The Special Relationship is a 2010 biographical drama television film directed by Richard Loncraine and written by Peter Morgan. It is the third film in Morgan's informal "Blair trilogy", which dramatizes the political career of British prime minister Tony Blair (1997–2007), following The Deal (2003) and The Queen (2006), both directed by Stephen Frears.

The first drafts of The Special Relationship dealt with Blair's special relationships with U.S. presidents Bill Clinton and George W. Bush. However, Morgan excluded the Bush scenes from subsequent drafts (thus ending the narrative on 20 January 2001) because he found the Blair/Clinton dynamic more interesting. Morgan intended to make his directorial debut with the film but backed out a month before filming began and was replaced by Loncraine. The film was produced by Rainmark Films and backed by HBO Films and BBC Films.

The film stars Michael Sheen reprising his role as Blair, Dennis Quaid as Clinton, Hope Davis as Hillary Clinton, and Helen McCrory as Cherie Blair. Principal photography on locations in and around London, England ran from 20 July – 4 September 2009. The film was broadcast on HBO in the United States and Canada on 29 May 2010, and on BBC Two and BBC HD in the United Kingdom on 18 September 2010.

== Premise ==
The film is set between the years of 1997 and 2001 and depicts the UK–US Special Relationship between Prime Minister Tony Blair and President Bill Clinton. Executive producer Christine Langan said of the plot, "The film's time frame goes from 1994, when New Labour was taking lessons from Clinton's people, to 1998 and the end of the Kosovo War.
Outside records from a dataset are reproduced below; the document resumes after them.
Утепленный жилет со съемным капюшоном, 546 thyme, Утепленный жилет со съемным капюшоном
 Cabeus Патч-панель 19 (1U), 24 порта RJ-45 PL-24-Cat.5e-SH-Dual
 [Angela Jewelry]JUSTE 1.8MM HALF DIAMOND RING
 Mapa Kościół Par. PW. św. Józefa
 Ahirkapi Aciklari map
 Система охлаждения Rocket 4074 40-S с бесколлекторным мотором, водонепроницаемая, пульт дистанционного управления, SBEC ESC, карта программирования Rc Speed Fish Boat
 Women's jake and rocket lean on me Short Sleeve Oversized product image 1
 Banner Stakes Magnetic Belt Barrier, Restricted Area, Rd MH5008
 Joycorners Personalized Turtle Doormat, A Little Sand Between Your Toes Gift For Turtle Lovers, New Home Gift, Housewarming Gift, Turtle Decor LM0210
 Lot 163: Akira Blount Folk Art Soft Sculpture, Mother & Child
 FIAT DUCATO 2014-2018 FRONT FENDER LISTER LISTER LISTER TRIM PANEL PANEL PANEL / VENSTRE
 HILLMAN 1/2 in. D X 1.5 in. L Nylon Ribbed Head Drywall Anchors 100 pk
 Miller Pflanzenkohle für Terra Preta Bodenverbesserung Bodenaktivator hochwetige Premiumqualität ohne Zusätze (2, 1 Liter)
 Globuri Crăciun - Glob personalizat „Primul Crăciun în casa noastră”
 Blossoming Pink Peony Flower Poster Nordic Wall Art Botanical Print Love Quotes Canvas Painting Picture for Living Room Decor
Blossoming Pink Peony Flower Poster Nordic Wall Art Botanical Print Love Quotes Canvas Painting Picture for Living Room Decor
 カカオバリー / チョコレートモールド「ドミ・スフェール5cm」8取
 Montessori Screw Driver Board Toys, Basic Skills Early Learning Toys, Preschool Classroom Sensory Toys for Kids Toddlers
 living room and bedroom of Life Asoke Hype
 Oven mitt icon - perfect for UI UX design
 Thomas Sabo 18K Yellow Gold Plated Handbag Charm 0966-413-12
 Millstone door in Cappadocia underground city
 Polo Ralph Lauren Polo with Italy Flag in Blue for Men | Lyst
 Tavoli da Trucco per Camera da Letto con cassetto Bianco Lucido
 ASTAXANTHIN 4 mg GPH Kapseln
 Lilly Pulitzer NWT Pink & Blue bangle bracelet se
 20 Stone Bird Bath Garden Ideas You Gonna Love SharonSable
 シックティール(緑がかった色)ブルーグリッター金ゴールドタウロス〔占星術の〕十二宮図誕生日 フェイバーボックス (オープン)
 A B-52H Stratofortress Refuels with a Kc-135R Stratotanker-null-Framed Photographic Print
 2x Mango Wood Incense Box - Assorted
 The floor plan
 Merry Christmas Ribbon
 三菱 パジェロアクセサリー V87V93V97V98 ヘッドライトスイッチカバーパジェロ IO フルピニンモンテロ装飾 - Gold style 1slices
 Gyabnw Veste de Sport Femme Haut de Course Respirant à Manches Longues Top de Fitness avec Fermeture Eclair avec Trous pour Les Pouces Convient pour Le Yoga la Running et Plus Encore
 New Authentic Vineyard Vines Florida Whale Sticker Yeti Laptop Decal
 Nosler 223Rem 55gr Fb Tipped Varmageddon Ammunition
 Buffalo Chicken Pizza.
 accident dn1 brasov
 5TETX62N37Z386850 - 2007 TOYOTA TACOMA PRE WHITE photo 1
It focuses on the international activities of Blair as prime minister and what he learns from his American ally. They're brothers in arms, but Clinton is weakened by the Lewinsky scandal in the middle of it all, while Blair strengthens his position, moving from being something of an acolyte to equal to moral superior, post-Kosovo."

== Cast ==
- Michael Sheen as Tony Blair, Prime Minister of the United Kingdom. Sheen previously played Blair in Peter Morgan's The Deal and The Queen. Critics noted that his portrayal in The Queen was much more sympathetic than in The Deal, which Morgan attributed to Blair being in a "honeymoon" period after his appointment as prime minister in May 1997. Sheen felt a greater scope to play Blair in this film compared to the previous two; "This was interesting because it covers a much bigger period of time for the character. It allowed me to explore things I wasn't able to explore in the other films and take things further. I just found it a very fascinating story how this man changed with time and how he developed and how he became the man making the choices he eventually made that turned a lot of people against him."
- Dennis Quaid as Bill Clinton, President of the United States. To match Clinton's physique, Quaid gained 35 lb in weight by eating McDonald's food every day—which he described as being like "a baby on a feeding schedule"—and had his eyebrows trimmed and his hair grayed. He worked on adopting Clinton's accent, and fell into character once he wore a suit and "Clinton wig". Quaid met Clinton in the late 1990s when he spent a weekend at the White House. He previously played a President of the United States (albeit fictional) in the film American Dreamz, whom he based on George W. Bush. Russell Crowe, Philip Seymour Hoffman, Alec Baldwin and Tim Robbins were also considered to play the role. Screenwriter Morgan thought Vince Vaughn would have been a good choice if the film was being made ten years later.
- Hope Davis as Hillary Clinton, First Lady of the United States. Davis began filming her scenes at the beginning of August. She prepared for the role by listening to audio tapes of Clinton and reading books about her. She also watched video clips of her on YouTube and tried to "get the flavor of her speech across" without directly imitating her accent. Davis told The New York Times, "...she's hard to imitate. Her accent has changed a bit over the years. In 1992, when she became first lady, she had quite a bit of Arkansas still in her speech from her 13 years there. That's really gone now. So her accent has kind of shifted over time but she's lived in very different places." To accurately portray Clinton's appearance, Davis was fitted with a wig, false teeth and wore specially tailored brightly colored pantsuits. Quaid predicted that Davis would receive a lot of attention for her portrayal: "She really looks like Hillary with the puffed up hair and some hip additives". Julianne Moore was originally cast in the role, but was forced to quit less than two weeks before principal photography began, due to commitments to the film The Kids Are All Right.
- Helen McCrory as Cherie Blair. McCrory reprises her role as Blair's wife from The Queen. When playing Cherie in The Queen, McCrory found there was little information about her because as Tony Blair was prime minister, Cherie did not give interviews or make herself public. Since 2006, Cherie's autobiography has been published, meaning McCrory did not have to rely on hearsay to learn about her. McCrory had already briefly met Cherie. Her husband Damian Lewis recommended that she should meet her again to research the role, but McCrory decided not to, telling The Sunday Times, "The problem is, if you've met somebody, you have a responsibility to them. I don't think it's fair to ask her about Stormont, or Kosovo, or Matrix Chambers... then it not be in the film. At the end of the day, it's not my Cherie Blair, it's Peter Morgan's Cherie Blair."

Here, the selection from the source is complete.